Riesen-Aufregung um einen provokanten Tweet des stellvertretenden Berliner CDU-Landesvorsitzenden Falko Liecke. Auf Twitter ist die strittige Aussage nicht mehr zu sehen, doch ein Screenshot des SPD-Kommunikationsleiters Benjamin Köster hält den Tweet fest.

Liecke begrüßt darin die neugewählte Bundesspitze der Grünen, Ricarda Lang und Omid Nouripour, auf Arabisch mit „Allahu Akbar“, eine islamische Gebetsformel, die als „Gott ist groß“ oder „Gott ist größer“ übersetzt wird. In der arabischen Kultur ist der Satz nichts Ungewöhnliches, doch im Zusammenhang mit islamistischen Attentaten war dieser Satz von Selbstmordattentätern zu hören.

Nouripour-Aussagen sinnentstellt auf Twitter geteilt

Liecke bezieht sich dabei auf Aussagen des im Iran geborenen und muslimischen Grünen-Politikers Nouripour, die in rechtspopulistischen Kreisen verkürzt und sinnentstellt herumgereicht wurden. Auf einschlägigen rechtsradikalen Portalen sowie auf Twitter wurde behauptet, Nouripour sei für die Einführung der islamischen Rechtssprechung, der Scharia, in Deutschland.

Anfang Februar zeigte ein Faktenscheck von correctiv.org, dass diese Aussage haltlos ist. Tatsächlich sagte Nouripour im Bundestag ausdrücklich, dass Scharia-Grundsätze, die nicht mit dem Grundgesetz vereinbar seien, nicht angewendet werden können. Dennoch geistert die sinnentstellte Aussage weiterhin in rechtspopulistischen Kreisen umher.

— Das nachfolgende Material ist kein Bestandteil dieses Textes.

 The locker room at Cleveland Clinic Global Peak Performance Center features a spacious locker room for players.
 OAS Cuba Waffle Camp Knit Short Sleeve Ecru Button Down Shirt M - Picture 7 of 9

„Sie sollten sich schämen!“: Rassismus-Vorwürfe gegen CDU-Mann Falko Liecke

Deutliche Worte kommen von der Berliner Ko-Vorsitzenden der Grünen, Silke Gebel: „Sie sollten sich schämen!“ Doch Liecke hält an seiner Darstellung grundsätzlich fest, bedauert lediglich, dass die Art seiner Kritik missverständlich gewesen sei:

Der Berliner CDU-Politiker sieht sich nun Rassismus-Vorwürfen ausgesetzt. Andere User vermissten von Liecke eine „ehrliche Entschuldigung“.